- _TRY IT_:
Would you please repeat, word for word, only the lines from the one holding "Batsi, Island of" through the one holding "Robotic vacuum cleaner" in the material below, without the pictures?

*** RECORD SET

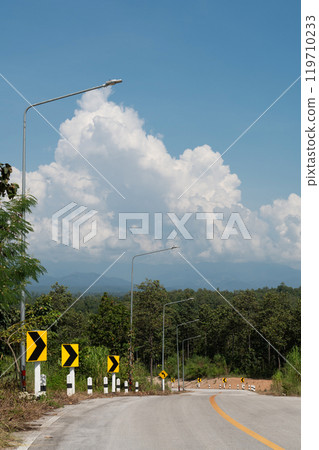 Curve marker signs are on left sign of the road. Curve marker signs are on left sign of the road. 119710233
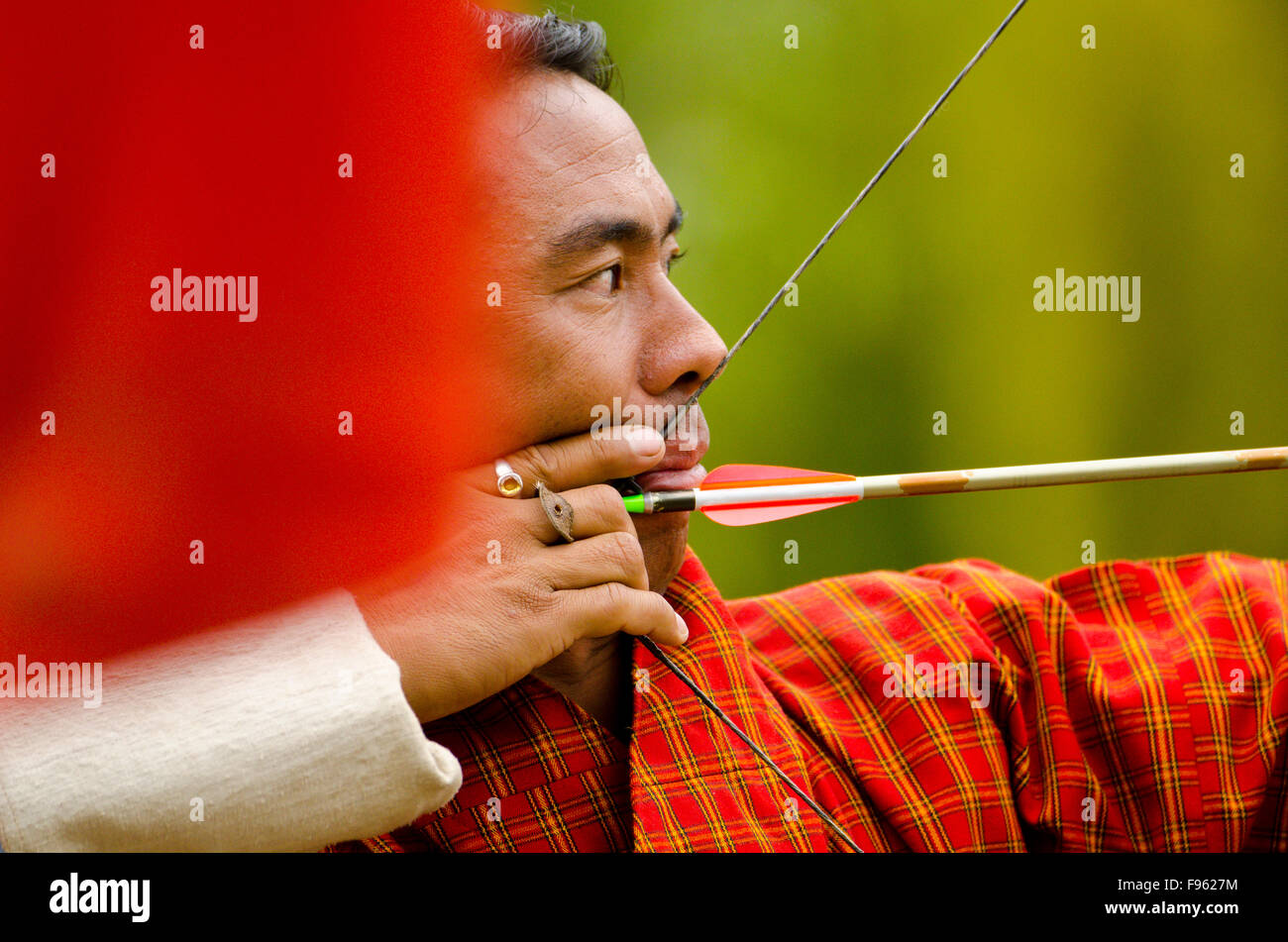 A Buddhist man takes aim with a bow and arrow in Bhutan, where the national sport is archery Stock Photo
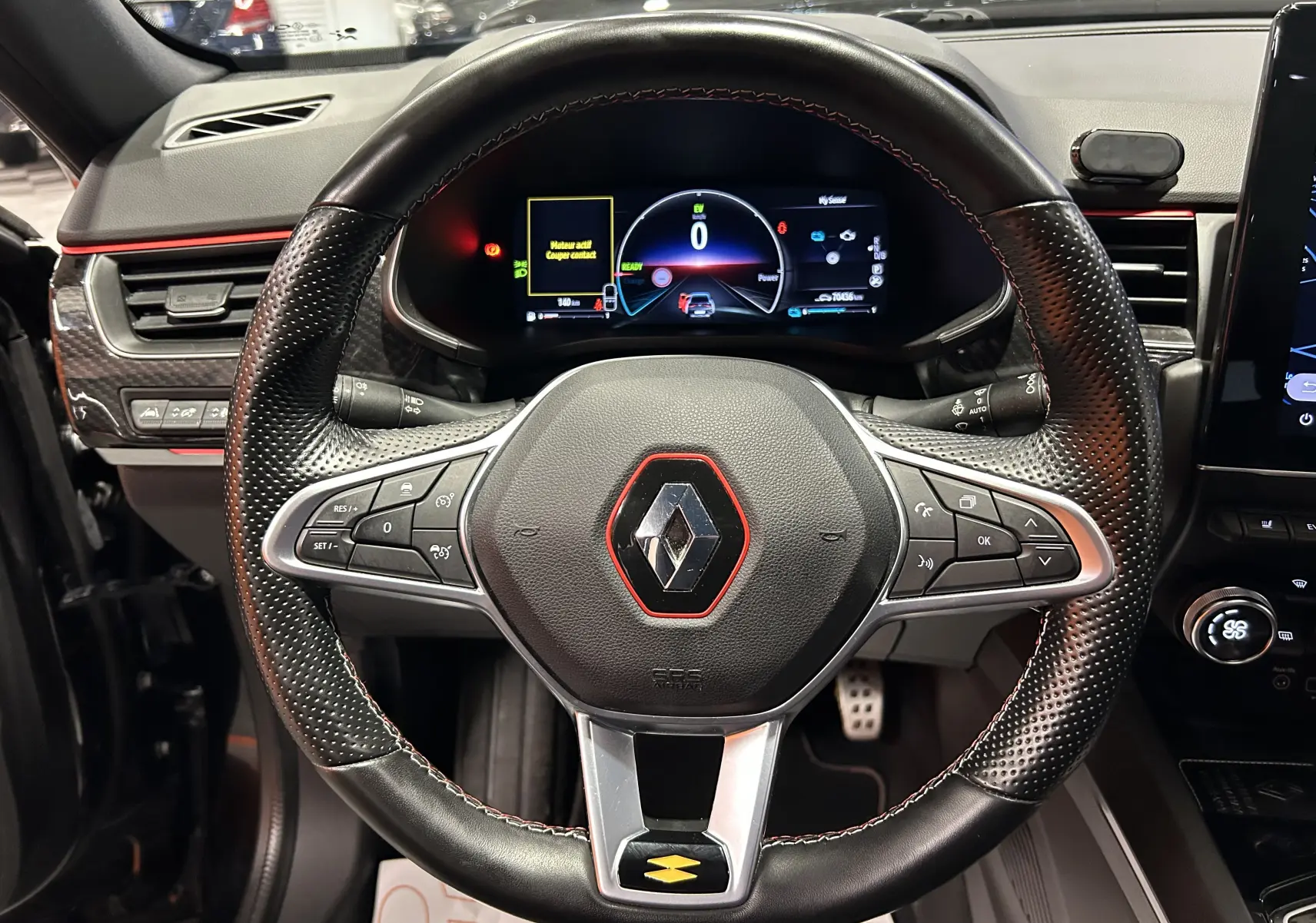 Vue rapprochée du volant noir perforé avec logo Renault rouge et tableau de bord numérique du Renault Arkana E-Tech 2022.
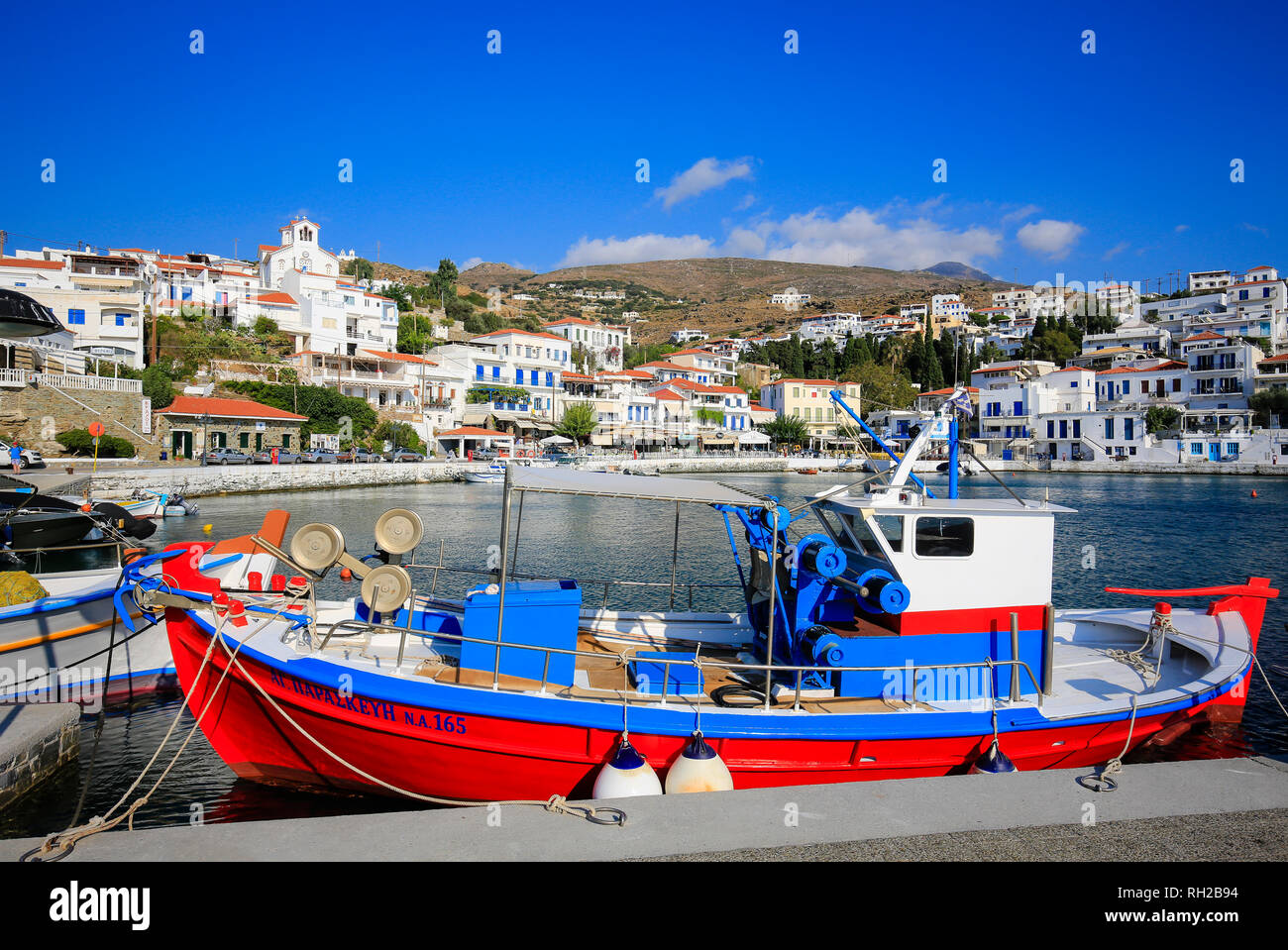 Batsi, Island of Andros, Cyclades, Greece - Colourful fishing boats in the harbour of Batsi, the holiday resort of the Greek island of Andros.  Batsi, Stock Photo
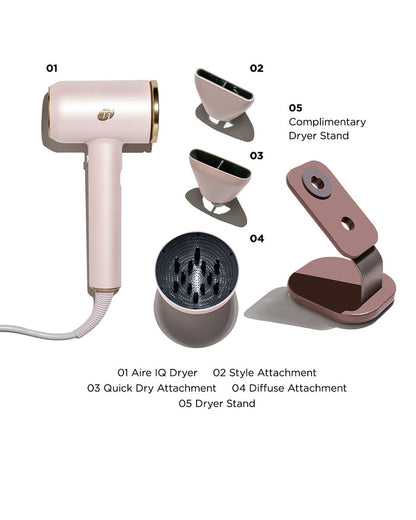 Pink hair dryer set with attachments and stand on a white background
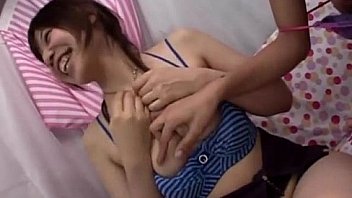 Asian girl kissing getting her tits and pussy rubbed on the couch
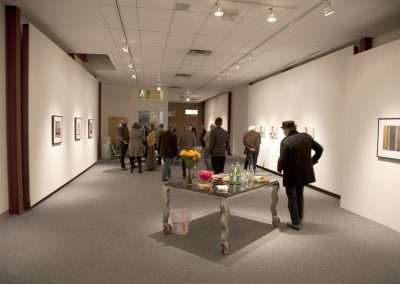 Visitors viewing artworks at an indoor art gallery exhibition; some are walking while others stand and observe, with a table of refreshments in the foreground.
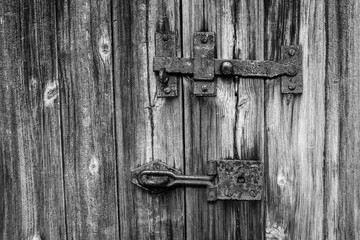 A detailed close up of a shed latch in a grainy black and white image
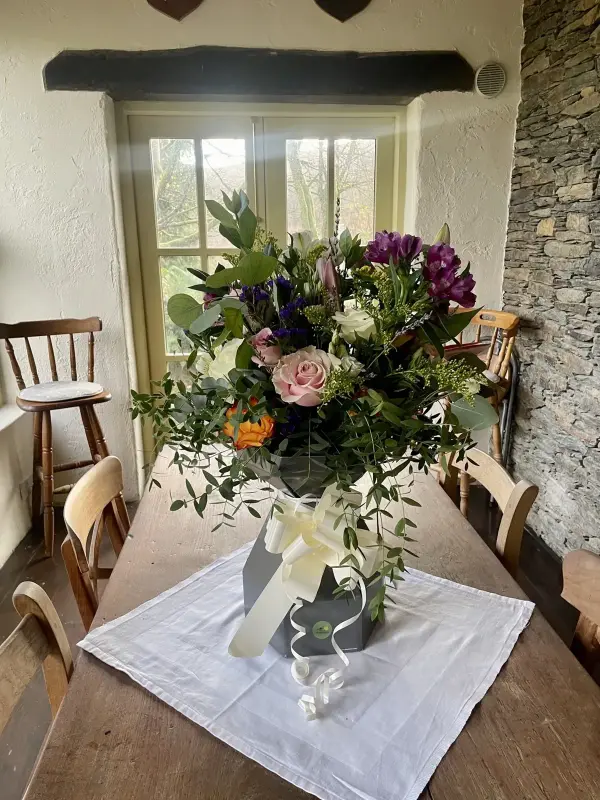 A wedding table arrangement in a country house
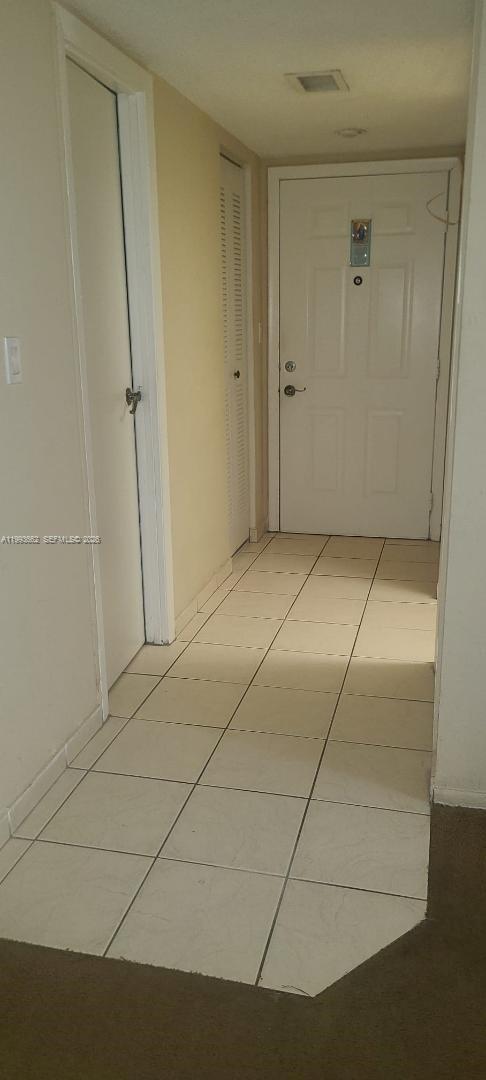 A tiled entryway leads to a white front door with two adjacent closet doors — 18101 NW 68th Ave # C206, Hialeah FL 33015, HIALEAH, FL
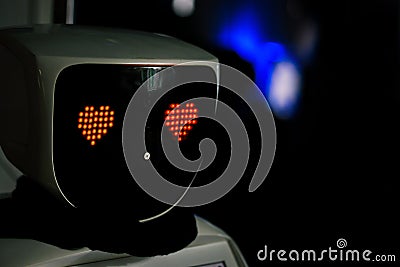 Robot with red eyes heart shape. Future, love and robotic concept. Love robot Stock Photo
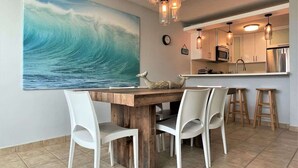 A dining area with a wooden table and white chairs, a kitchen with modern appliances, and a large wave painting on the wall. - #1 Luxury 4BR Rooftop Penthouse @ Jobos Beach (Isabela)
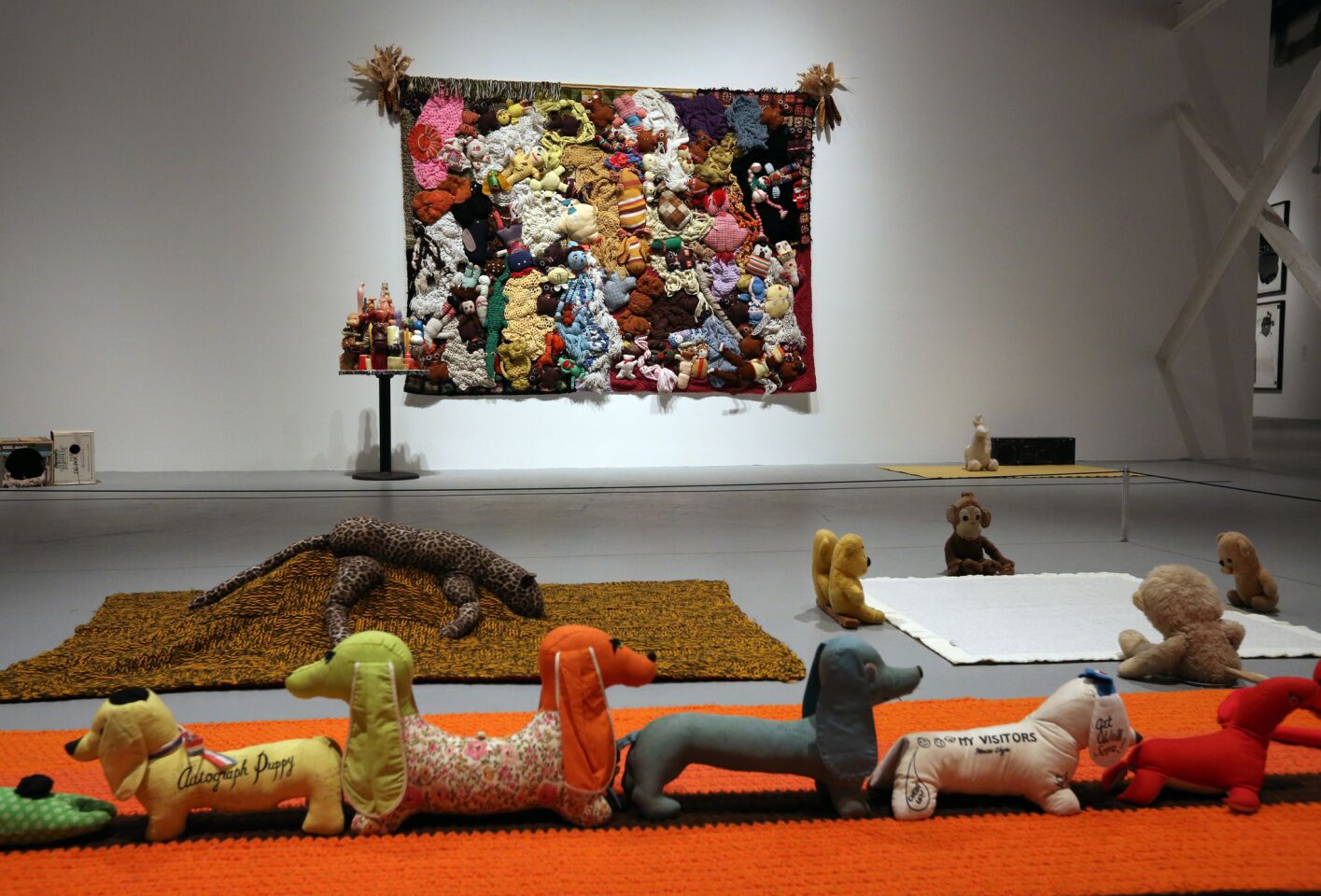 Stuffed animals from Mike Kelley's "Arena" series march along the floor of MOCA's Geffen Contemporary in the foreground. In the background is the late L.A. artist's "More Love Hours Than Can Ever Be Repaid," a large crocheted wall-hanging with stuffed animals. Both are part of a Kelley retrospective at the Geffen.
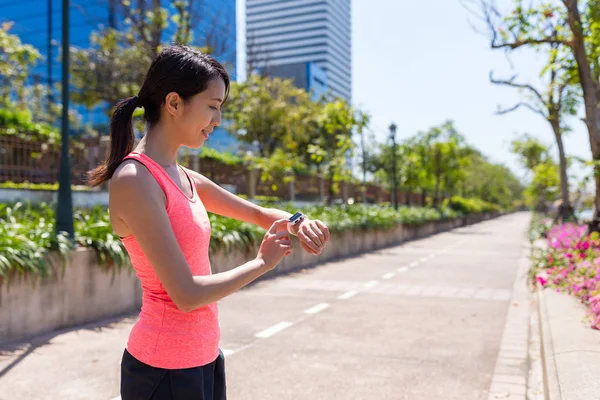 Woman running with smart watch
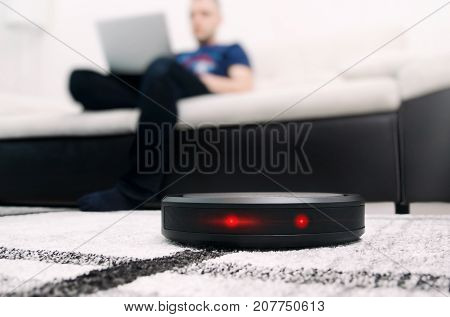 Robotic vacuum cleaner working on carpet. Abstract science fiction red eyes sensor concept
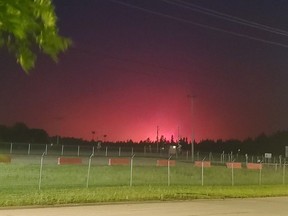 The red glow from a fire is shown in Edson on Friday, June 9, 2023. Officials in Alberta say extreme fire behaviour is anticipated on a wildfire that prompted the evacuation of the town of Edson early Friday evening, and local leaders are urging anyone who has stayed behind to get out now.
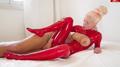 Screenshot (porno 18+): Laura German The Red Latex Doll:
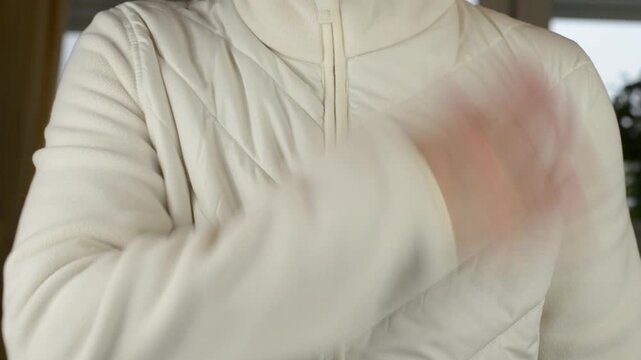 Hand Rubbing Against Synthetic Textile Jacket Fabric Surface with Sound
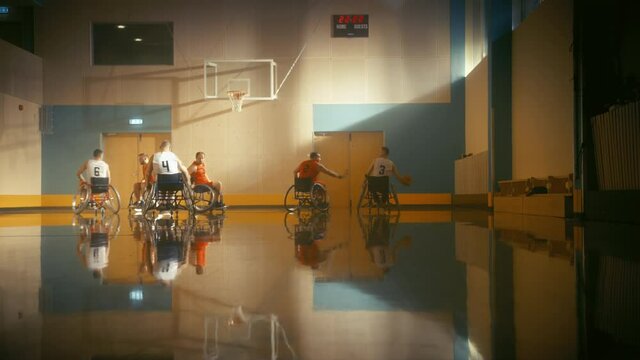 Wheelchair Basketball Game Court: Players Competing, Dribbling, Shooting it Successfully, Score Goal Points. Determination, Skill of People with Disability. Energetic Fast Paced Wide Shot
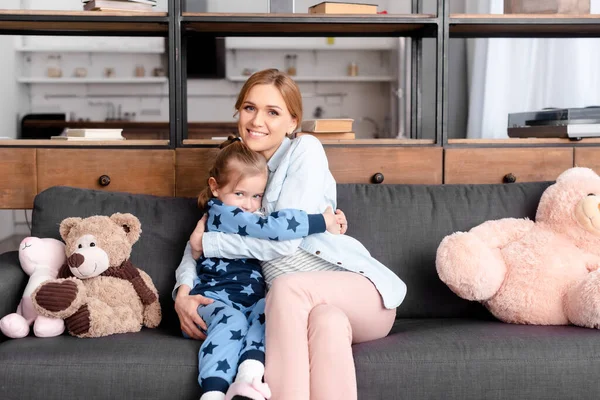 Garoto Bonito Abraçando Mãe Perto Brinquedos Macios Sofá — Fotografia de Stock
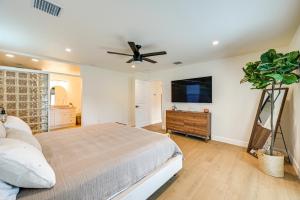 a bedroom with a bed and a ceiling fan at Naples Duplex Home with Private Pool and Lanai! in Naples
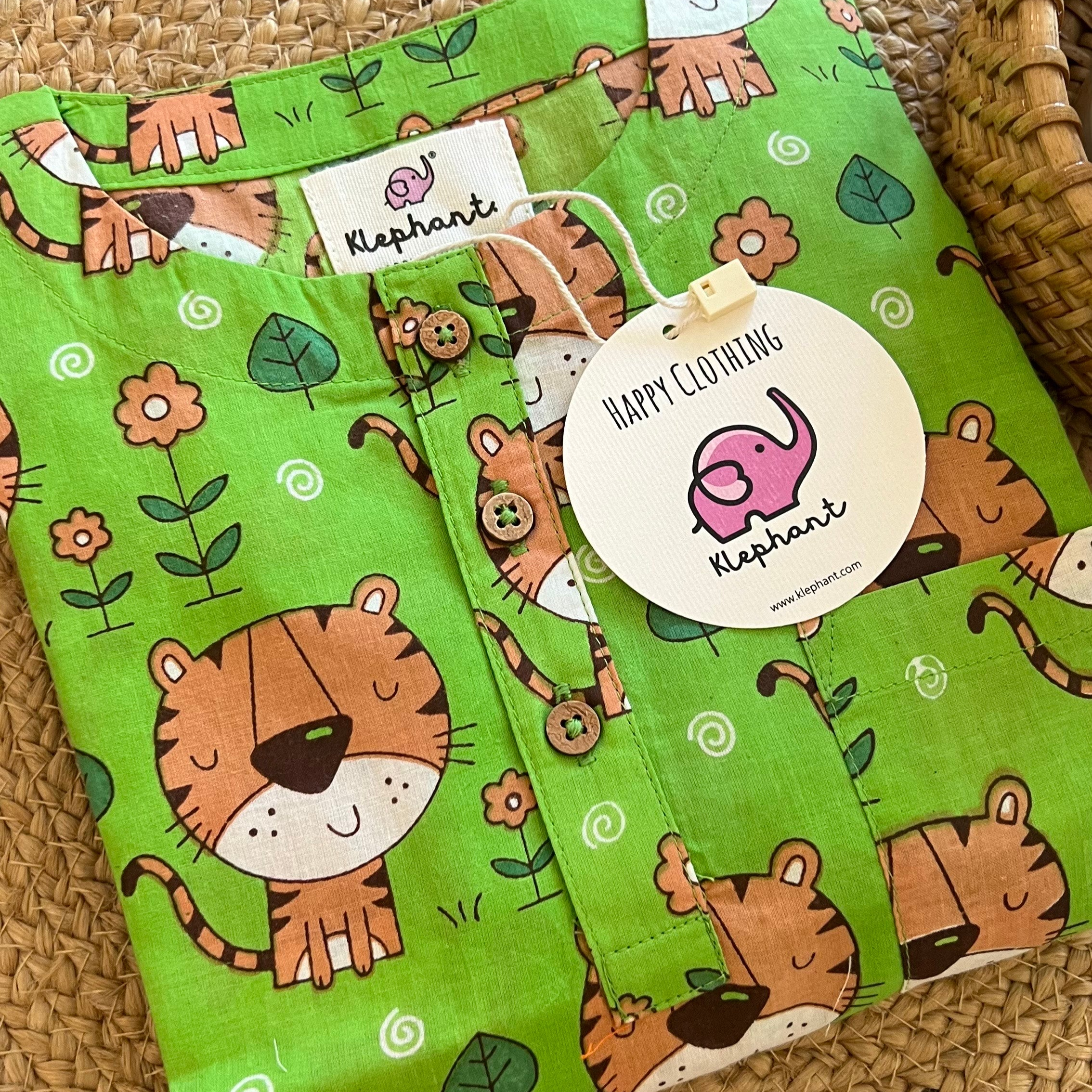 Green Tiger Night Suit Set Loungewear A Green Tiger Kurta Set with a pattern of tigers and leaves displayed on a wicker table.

******

- _RESULT_:
 Batsi, Island of Andros, Cyclades, Greece - Colourful fishing boats in the harbour of Batsi, the holiday resort of the Greek island of Andros.  Batsi, Stock Photo
 Pink hair dryer set with attachments and stand on a white background
 Asian girl kissing getting her tits and pussy rubbed on the couch
 Visitors viewing artworks at an indoor art gallery exhibition; some are walking while others stand and observe, with a table of refreshments in the foreground.
 A detailed close up of a shed latch in a grainy black and white image
 A wedding table arrangement in a country house
 A tiled entryway leads to a white front door with two adjacent closet doors — 18101 NW 68th Ave # C206, Hialeah FL 33015, HIALEAH, FL
 Robot with red eyes heart shape. Future, love and robotic concept. Love robot Stock Photo
 A dining area with a wooden table and white chairs, a kitchen with modern appliances, and a large wave painting on the wall. - #1 Luxury 4BR Rooftop Penthouse @ Jobos Beach (Isabela)
 Stuffed animals from Mike Kelley's "Arena" series march along the floor of MOCA's Geffen Contemporary in the foreground. In the background is the late L.A. artist's "More Love Hours Than Can Ever Be Repaid," a large crocheted wall-hanging with stuffed animals. Both are part of a Kelley retrospective at the Geffen.
 Woman running with smart watch
 Robotic vacuum cleaner working on carpet. Abstract science fiction red eyes sensor concept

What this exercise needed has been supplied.